2. Lexical Analysis of Messages
2.1. General Description
At the most basic level, a message is a series of characters. A message that is conformant with this specification is comprised of characters with values in the range 1 through 127 and interpreted as US-ASCII characters. For convenience, this document sometimes refers to this range of characters as simply "US-ASCII characters".
Note: This specification specifies that messages are made up of characters in the US-ASCII range of 1 through 127. There are other documents, specifically the MIME document series (RFC 2045, RFC 2046, RFC 2047, RFC 2049, RFC 4288, RFC 4289), that extend this specification to allow for values outside that range. Discussion of those mechanisms is not within the scope of this specification.
Messages are divided into lines of characters. A line is a series of characters that is delimited with the two characters carriage-return and line-feed; that is, the carriage return (CR) character (ASCII value 13) followed immediately by the line feed (LF) character (ASCII value 10). (The carriage-return/line-feed pair is usually written in this document as "CRLF".)
A message consists of header fields (collectively called "the header section of the message") optionally followed by a body. The header section is a sequence of lines of characters with special syntax as defined in this specification. The body is simply a sequence of characters that follows the header section and is separated from the header section by an empty line (i.e., a line with nothing preceding the CRLF).

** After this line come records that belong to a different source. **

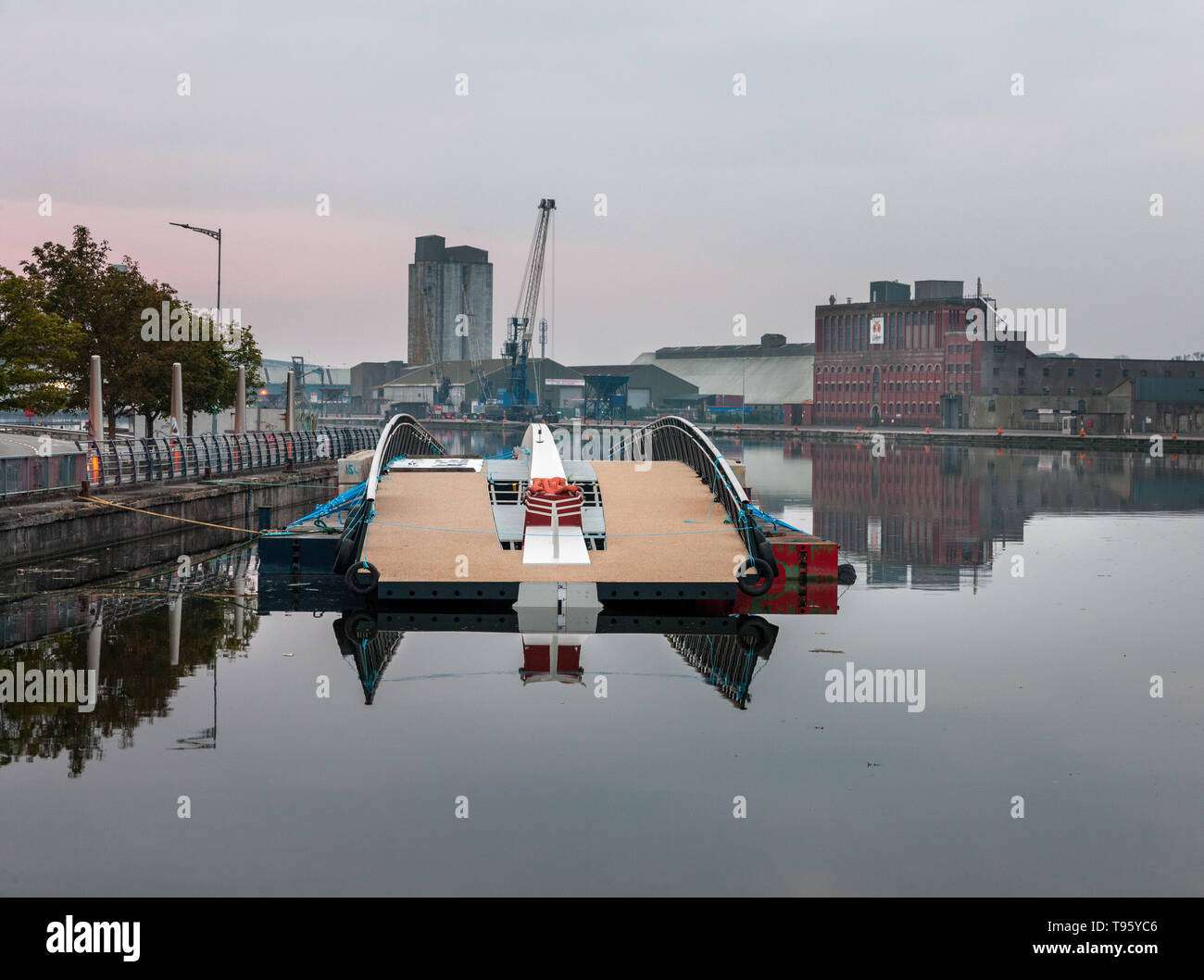 Cork City, Cork, Ireland. 17th May, 2019. The new Mary Elmes Bridge moored overnight at Penrose Quay awaitng a low tide so it can be taken upstream and lowered by crane in position connecting Patrick's and Merchants Quay's in Cork City, Ireland. Credit: David Creedon/Alamy Live News Stock Photo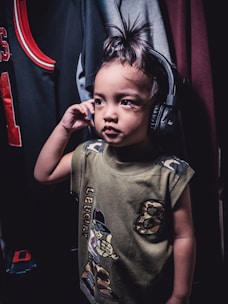 A child wearing headphones stands in a room, holding the headphones close to one ear. The child is dressed in a green shirt with cartoon graphics and camo design elements. In the background, various pieces of clothing hang on a rack, including a sports jersey with red and black colors.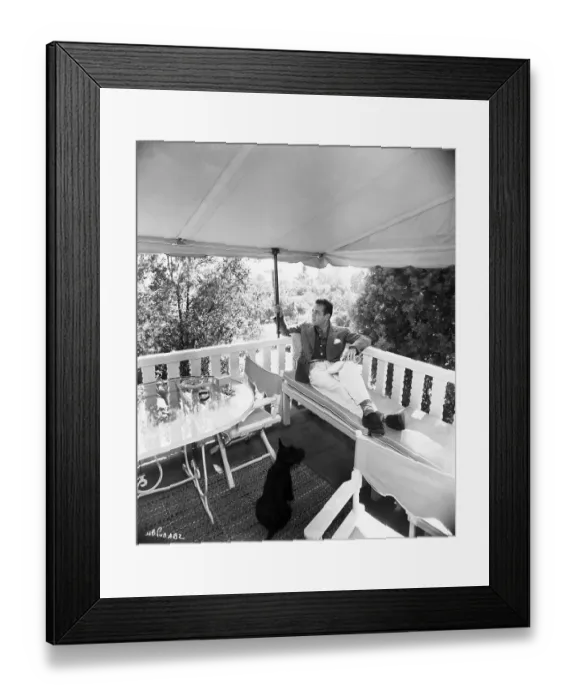 Framed Print : Humphrey Bogart Lounging And Pet On Deck Framed Print : Humphrey Bogart Lounging And Pet On Deck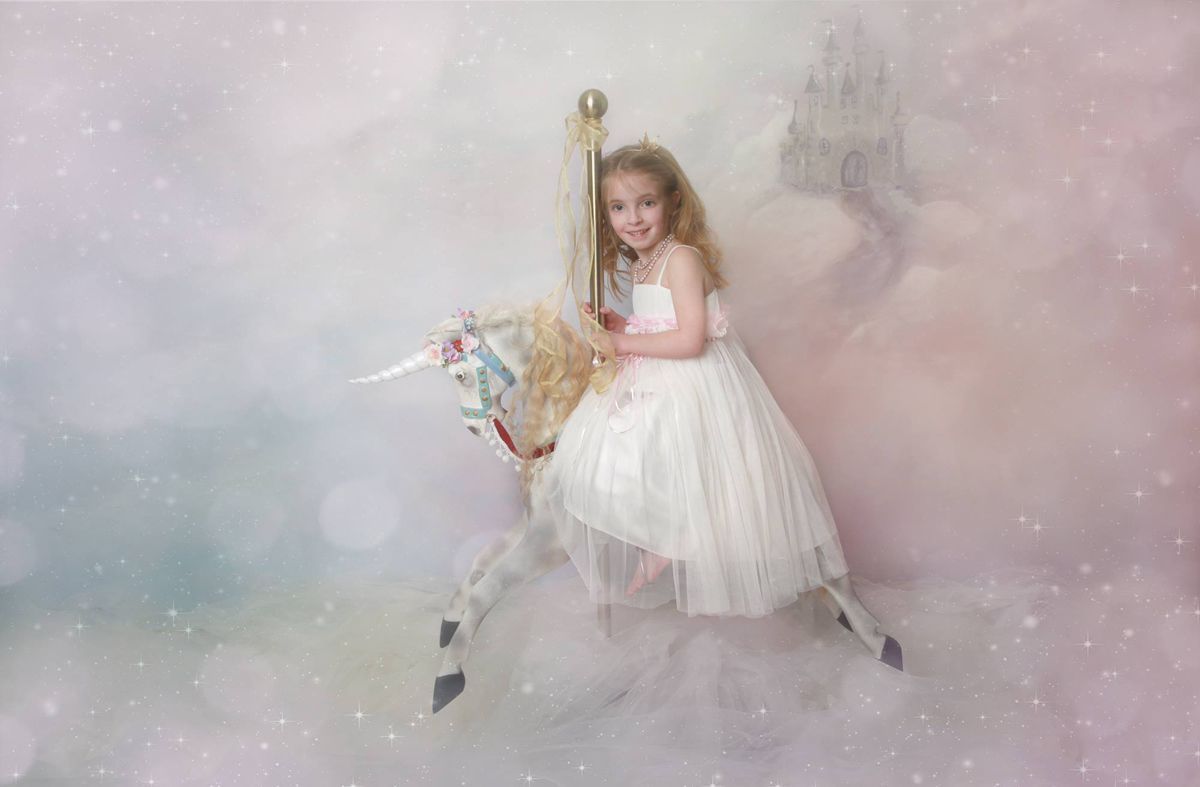 Girl sitting on a unicorn prop during the Mermaids and Unicorns fantasy photoshoot at Oakley Studios, Luton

Note: Common parlance and earlier versions of this specification use the term "header" to refer to either the entire header section or to an individual header field. To avoid ambiguity, this document does not use the terms "header" or "headers" in isolation, but instead always uses "header field" to refer to an individual field and "header section" to refer to the entire collection.
Message Structure Diagram
Message
├── Header Section
│ ├── From: [email protected] CRLF
│ ├── To: [email protected] CRLF
│ ├── Subject: Hello CRLF
│ └── Date: ... CRLF
├── Empty Line
│ └── CRLF
└── Body
├── This is the message body. CRLF
└── Second line. CRLF
2.1.1. Line Length Limits
There are two limits that this specification places on the number of characters in a line. Each line of characters MUST be no more than 998 characters, and SHOULD be no more than 78 characters, excluding the CRLF.
The 998 character limit exists due to limitations in many implementations that send, receive, or store IMF messages which simply cannot handle more than 998 characters on a line. Receiving implementations would do well to handle an arbitrarily large number of characters in a line for robustness sake. However, there are so many implementations that (in compliance with the transport requirements of RFC 5321) do not accept messages with more than 1000 characters including the CR and LF per line, it is important for implementations not to create such messages.
The more conservative 78 character recommendation is to accommodate the many implementations of user interfaces that display these messages which may truncate, or disastrously wrap, the display of more than 78 characters per line, even though such implementations are non-conformant to the intent of this specification (and that of RFC 5321 if they actually cause information to be lost). Again, even though this limitation is put on messages, it is incumbent upon implementations that display messages to handle an arbitrarily large number of characters in a line (certainly at least up to the 998 character limit) for the sake of robustness.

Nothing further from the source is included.